Observation contract#

Each sample returned by NuPlanDataset.__getitem__ is a NuPlanSample dataclass with the following fields:

  • map_raster(3, H, W) float32 tensor. Channels 0, 1, 2 are binary masks for drivable area, lane centre-lines, and crosswalks respectively. The crop is centred on the ego vehicle and oriented in the ego frame.

  • ego_past(past_horizon, 6) float32 tensor with columns (x, y, yaw, vx, vy, yaw_rate).

  • ego_future(planning_horizon, 2) float32 tensor with relative (x, y) waypoints from the last known ego position.

  • agents_past / agents_future — Zero-padded tensors of shape (max_agents, past_horizon, 6) and (max_agents, planning_horizon, 6). Use agents_mask to distinguish real agents from padding.

  • planning_target — Alias of ego_future for supervised trajectory prediction.

Integration with world models#

The NuPlan dataset can be used to train world models that operate on structured driving scenarios. The map raster and agent trajectories serve as context inputs, while the future ego trajectory provides a regression target for the planning head.
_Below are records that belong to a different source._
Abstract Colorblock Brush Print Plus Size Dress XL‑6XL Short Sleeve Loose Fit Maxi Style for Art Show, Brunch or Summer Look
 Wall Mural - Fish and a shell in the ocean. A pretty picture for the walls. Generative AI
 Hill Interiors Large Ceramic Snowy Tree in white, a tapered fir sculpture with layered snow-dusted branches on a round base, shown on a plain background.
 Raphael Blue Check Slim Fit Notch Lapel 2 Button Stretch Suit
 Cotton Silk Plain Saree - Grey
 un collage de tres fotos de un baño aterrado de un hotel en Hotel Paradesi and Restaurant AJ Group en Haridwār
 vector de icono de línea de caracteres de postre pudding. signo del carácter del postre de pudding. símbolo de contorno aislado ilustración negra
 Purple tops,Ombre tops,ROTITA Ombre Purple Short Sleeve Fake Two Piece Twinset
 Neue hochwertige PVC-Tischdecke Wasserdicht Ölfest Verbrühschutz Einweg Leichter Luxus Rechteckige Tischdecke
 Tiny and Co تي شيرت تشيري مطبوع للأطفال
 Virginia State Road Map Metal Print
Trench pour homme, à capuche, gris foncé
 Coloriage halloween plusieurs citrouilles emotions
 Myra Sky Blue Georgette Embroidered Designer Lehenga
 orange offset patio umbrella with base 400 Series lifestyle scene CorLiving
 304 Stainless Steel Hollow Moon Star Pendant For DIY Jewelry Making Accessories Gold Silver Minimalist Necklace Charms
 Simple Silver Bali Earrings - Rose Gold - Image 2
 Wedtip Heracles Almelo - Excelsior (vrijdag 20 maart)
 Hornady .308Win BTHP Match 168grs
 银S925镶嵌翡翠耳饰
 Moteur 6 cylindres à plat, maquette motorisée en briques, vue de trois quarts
A typical workflow:

dataset, loader = make_nuplan_dataloader(split="train", batch_size=32)

for epoch in range(num_epochs):
    for batch in loader:
        # batch is a dict with keys matching the NuPlanSample fields.
        map_raster = batch["map_raster"]         # (B, 3, H, W)
        ego_past = batch["ego_past"]             # (B, T_past, 6)
        agents_past = batch["agents_past"]       # (B, N, T_past, 6)
        agents_mask = batch["agents_mask"]       # (B, N)
        planning_target = batch["planning_target"]  # (B, T_future, 2)

        # forward through a world model ...
        loss = model(map_raster, ego_past, agents_past, agents_mask, planning_target)
        loss.backward()

Environment variables#

  • NUPLAN_DATA_ROOT — Path to the dataset root (default: ~/nuplan/dataset).

  • NUPLAN_MAP_ROOT — Path to the map data (default: ~/nuplan/maps).